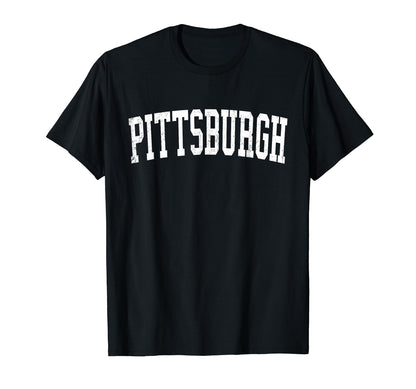 Pittsburgh Pa Distressed White T-Shirt - Streetwear Style for Adults - T-Shirt, Sweatshirt, Hoodie
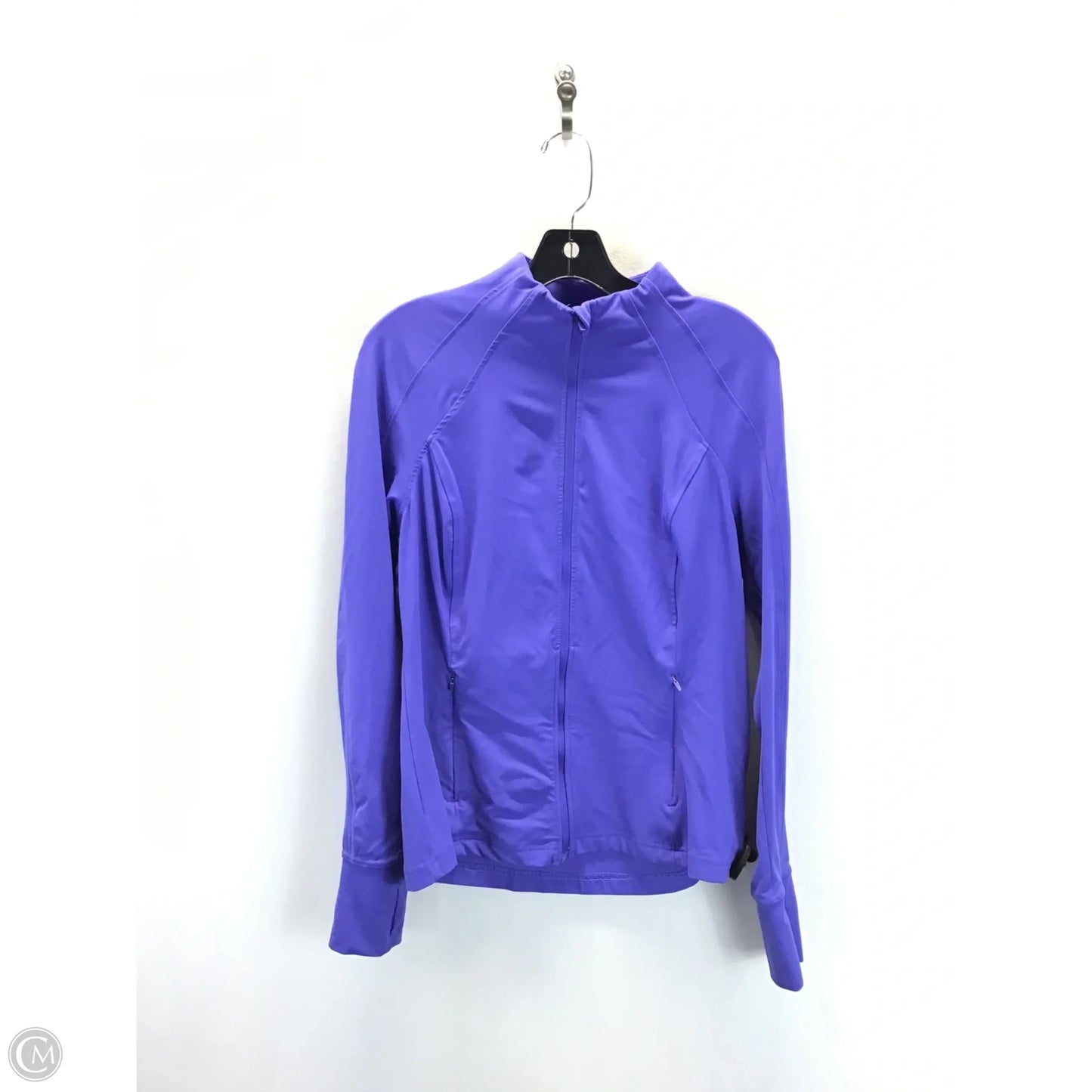 Athletic Jacket By Avia In Blue, Size: M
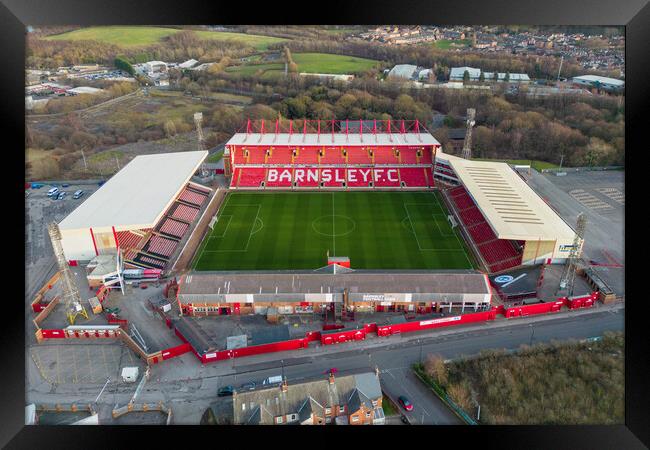 Barnsley FC Framed Print by Apollo Aerial Photography
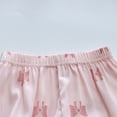thumbnail image 5 of Cathalem Girl Shirt Short Pants Sets Ruffle Trim Flounce Short Sleeve Top and Shorts Set,Pink S, 5 of 5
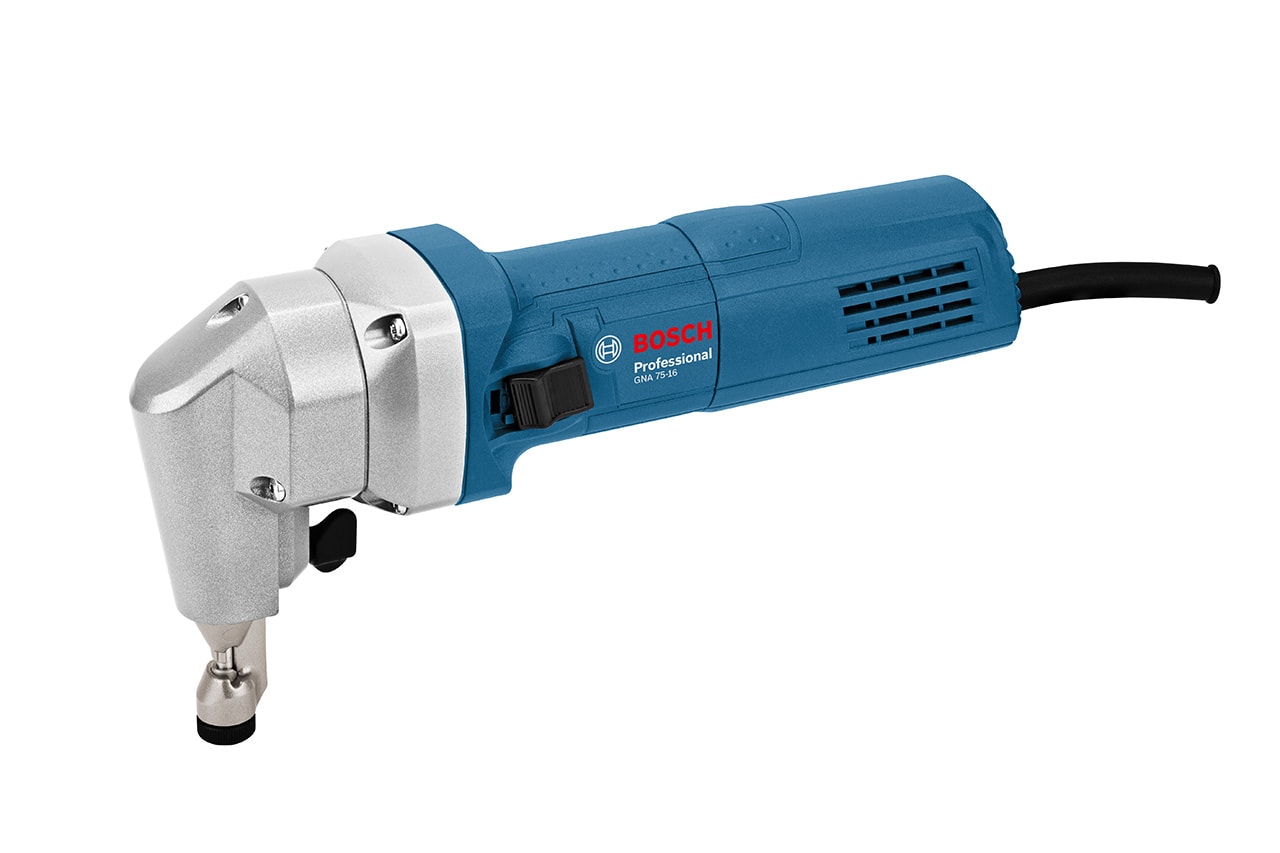 Bosch GNA 75-16 pladeudstandser, 750 watt, 2600 omdr./min., 1,6 mm stål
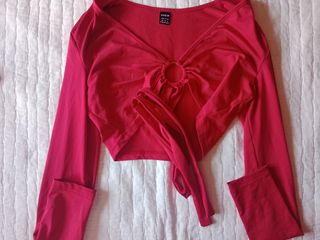 Top rojo de manga larga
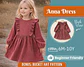 Girls Ruffle Yoke Dress Sewing Pattern - thumbnail 1
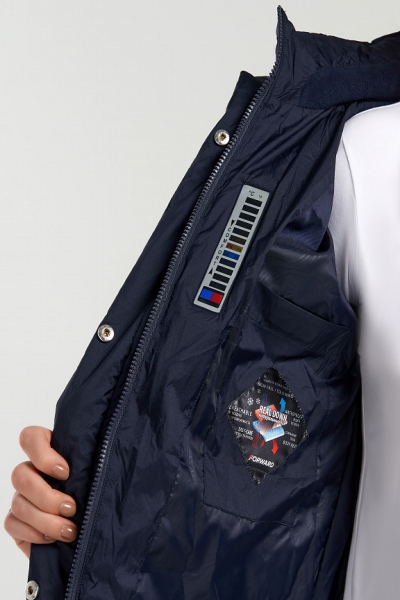 W08120G-NN222 Пальто пуховое женское (синий)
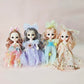 Sufeasdf 4 Pcs 6 Inch Princess Girl Mini Dolls, Small Princess Dolls, Little Girl Miniature Dolls For 3+ Year Old Girls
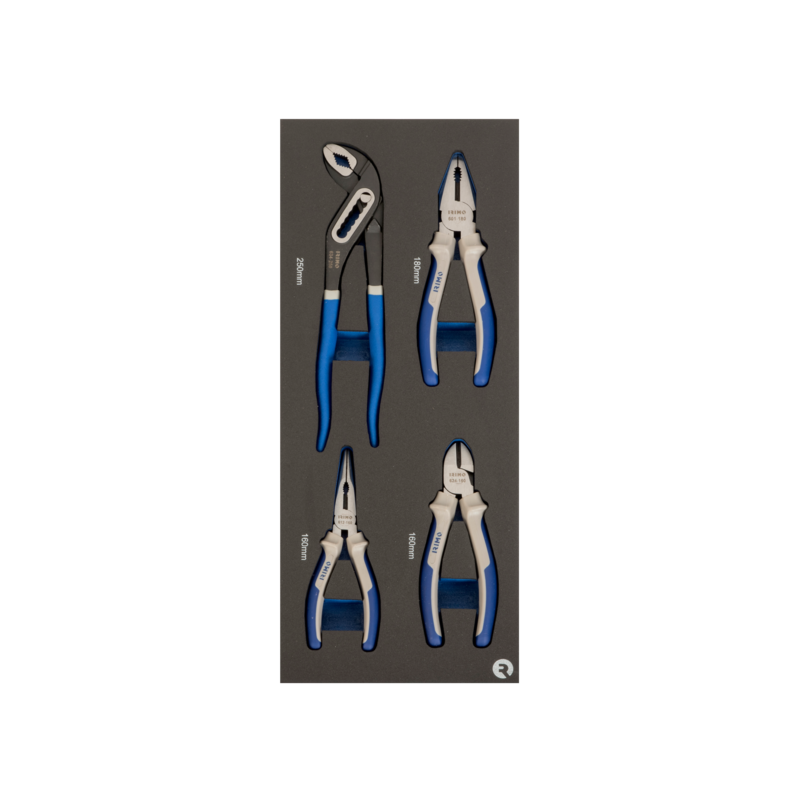 Alicates en foam 1/3 (4 piezas)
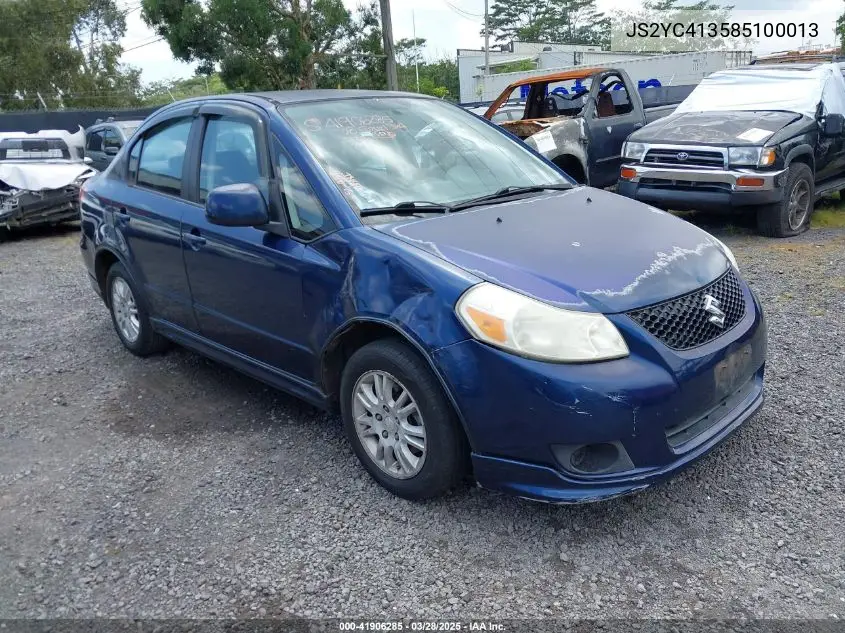 2008 Suzuki Sx4 VIN: JS2YC413585100013 Lot: 41906285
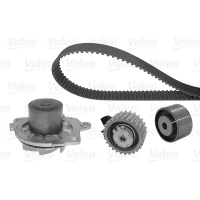 Water pump and timing belt set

....

_WHAT IS REQUIRED_.
Print the complete listing exactly as it stands, without its pictures.

_SOLUTION_.
 Pittsburgh Pa Distressed White T-Shirt - Streetwear Style for Adults - T-Shirt, Sweatshirt, Hoodie
 Athletic Jacket By Avia In Blue, Size: M
 Barnsley FC Framed Print by Apollo Aerial Photography
thumbnail image 5 of Cathalem Girl Shirt Short Pants Sets Ruffle Trim Flounce Short Sleeve Top and Shorts Set,Pink S, 5 of 5
 Bosch GNA 75-16 pladeudstandser, 750 watt, 2600 omdr./min., 1,6 mm stål
 Top rojo de manga larga
 Girls Ruffle Yoke Dress Sewing Pattern - thumbnail 1
 W08120G-NN222 Пальто пуховое женское (синий)
 Sufeasdf 4 Pcs 6 Inch Princess Girl Mini Dolls, Small Princess Dolls, Little Girl Miniature Dolls For 3+ Year Old Girls
 Alicates en foam 1/3 (4 piezas)
 2008 Suzuki Sx4 VIN: JS2YC413585100013 Lot: 41906285
 Water pump and timing belt set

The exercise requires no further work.